The problem is solved by a deformation projectile with a projectile body having a guide part and a projectile head with a channel centrally inserted therein, and with a ballistic tip, in which the projectile body is made of a copper alloy soft-annealed in a vacuum.

Surprisingly, it has been shown that the copper alloy from which the projectile body, which is softened under vacuum conditions, is made is both soft and tough compared to a copper alloy that is not heat-treated in a vacuum. Due to the softness, when the deformation projectile according to the invention hits the game carcass, even at relatively low impact speeds, such as 500 m/s, flags are formed on the projectile head that are evenly bent and rolled up in the direction of the projectile movement. Due to the toughness of the copper alloy softened under vacuum, the flags do not tear off when they hit a game carcass. The deformation projectile according to the invention therefore only disintegrates at very high impact speeds that are significantly higher than those of deformation projectiles that currently represent the state of the art. Rather, the deformed projectile head remains firmly connected to the rest of the material of the projectile body. The deformation projectile according to the invention is therefore mass-stable even at high impact speeds of up to 880 m/s to 900 m/s. This significantly increases the usable range of hunting projectiles based on the deformation projectile according to the invention compared to conventional, non-thermally treated copper deformation projectiles.

Annealing changes the structure of the copper alloy, which leads to the softness and toughness described above. Furthermore, because the copper alloy is annealed in a vacuum, i.e. without the use of a protective gas, the vacuum preventing oxidation of the copper alloy, the deformation bullet according to the invention has a particularly high degree of dimensional accuracy.

In the deformation projectile according to the invention, a residual body consisting of the guide part with deformed projectile head remains almost 100% mass-stable when impacting the target medium in an impact velocity range of 500 m/s to 900 m/s.

In the deformation projectile according to the invention, the guide part, which forms a residual bolt of the mushroomed deformation projectile after the deformation projectile has impacted a target body, remains stable in terms of shape and mass.

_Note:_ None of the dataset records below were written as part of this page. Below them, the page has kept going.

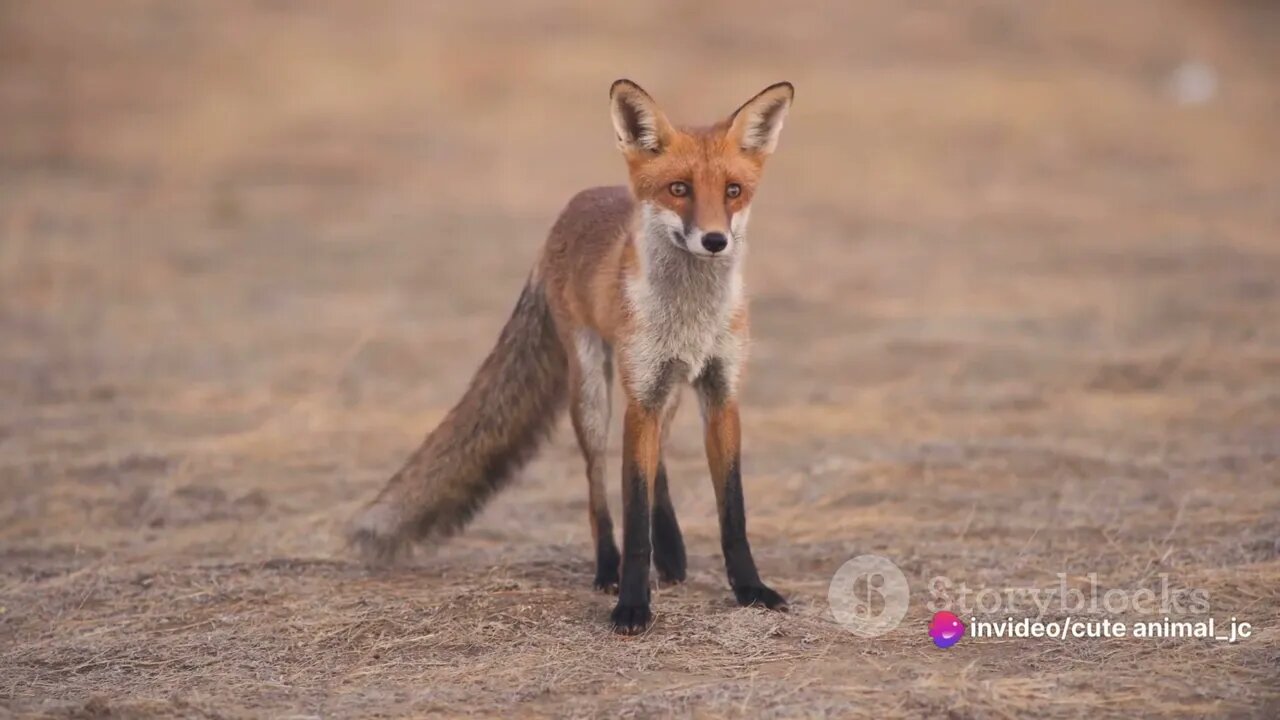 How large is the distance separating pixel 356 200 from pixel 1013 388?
8383 mm

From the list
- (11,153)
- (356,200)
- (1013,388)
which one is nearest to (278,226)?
(356,200)

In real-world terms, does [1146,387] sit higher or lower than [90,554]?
higher

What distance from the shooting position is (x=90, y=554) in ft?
21.3

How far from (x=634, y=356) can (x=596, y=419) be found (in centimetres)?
54

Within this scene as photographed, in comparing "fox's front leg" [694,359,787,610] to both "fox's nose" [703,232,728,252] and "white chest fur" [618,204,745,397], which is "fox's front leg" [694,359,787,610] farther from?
"fox's nose" [703,232,728,252]

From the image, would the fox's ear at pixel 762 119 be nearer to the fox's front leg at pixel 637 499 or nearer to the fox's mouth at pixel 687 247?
the fox's mouth at pixel 687 247

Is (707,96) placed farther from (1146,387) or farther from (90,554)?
(90,554)

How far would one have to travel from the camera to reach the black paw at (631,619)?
16.8ft

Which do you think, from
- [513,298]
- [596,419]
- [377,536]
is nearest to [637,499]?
[596,419]

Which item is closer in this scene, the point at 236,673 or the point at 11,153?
the point at 236,673

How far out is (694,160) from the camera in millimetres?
5113

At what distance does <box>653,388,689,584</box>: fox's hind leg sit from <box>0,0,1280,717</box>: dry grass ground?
0.54 ft

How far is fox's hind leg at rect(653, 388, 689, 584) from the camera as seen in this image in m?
5.89

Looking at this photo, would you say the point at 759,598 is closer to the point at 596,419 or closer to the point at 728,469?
the point at 728,469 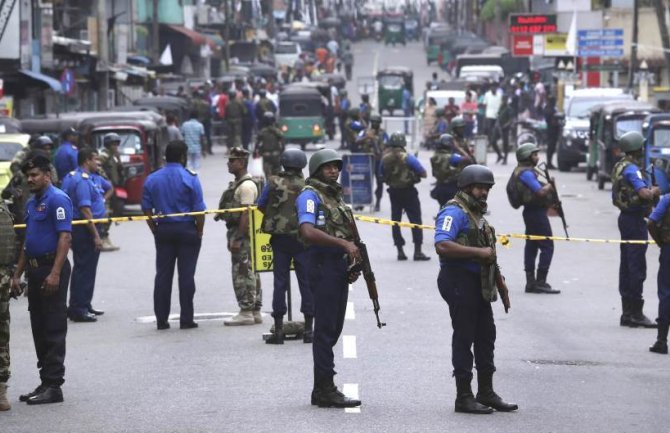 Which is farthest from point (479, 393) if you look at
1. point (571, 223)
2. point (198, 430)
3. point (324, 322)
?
point (571, 223)

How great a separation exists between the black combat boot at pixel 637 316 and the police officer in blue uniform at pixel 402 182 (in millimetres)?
5774

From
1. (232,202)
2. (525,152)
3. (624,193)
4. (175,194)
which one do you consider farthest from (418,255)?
(175,194)

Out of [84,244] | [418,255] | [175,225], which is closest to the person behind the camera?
[175,225]

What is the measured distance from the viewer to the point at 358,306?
16688 millimetres

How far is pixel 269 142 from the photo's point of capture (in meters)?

The ballistic tip, which is pressed into the bullet head with its shaft, ensures a good ballistic coefficient during the flight phase and also acts as a starter for triggering the deformation of the bullet head when the deformation bullet hits the target body. The ballistic tip is pressed into the channel, causing the channel to expand and the laterally folded flags to form from the material of the bullet head surrounding the channel.

In a preferred embodiment of the present invention, three or four scoring lines are formed on an inner wall of the channel, running parallel to a rotation axis of the deformation projectile and evenly spaced from one another in the circumferential direction of the channel.

The scoring lines are depressions or notches made in the material of the inner wall. The scoring lines form predetermined breaking points at which the material of the projectile head tears when the deformation projectile hits a target body, so that defined symmetrical flags are formed during deformation. The scoring lines run In the present invention, the incisions are in the longitudinal direction of the channel and are thus offset by 90° in the circumferential direction of the projectile compared to the incisions known from partially fragmenting projectiles.

The scoring lines each have a very small scoring depth. The scoring depth of the scoring lines is preferably in a range from 0.05 mm to 0.5 mm, preferably in a range from 0.1 mm to 0.3 mm, particularly preferably in a range from 0.15 mm to 0.25 mm. The scoring lines used in the present invention are therefore significantly less deep than the incisions formed in the circumferential direction of partially fragmenting projectiles, for example. The scoring lines thus define the points where the projectile head spreads when it hits the target body, without the deformation projectile fragmenting.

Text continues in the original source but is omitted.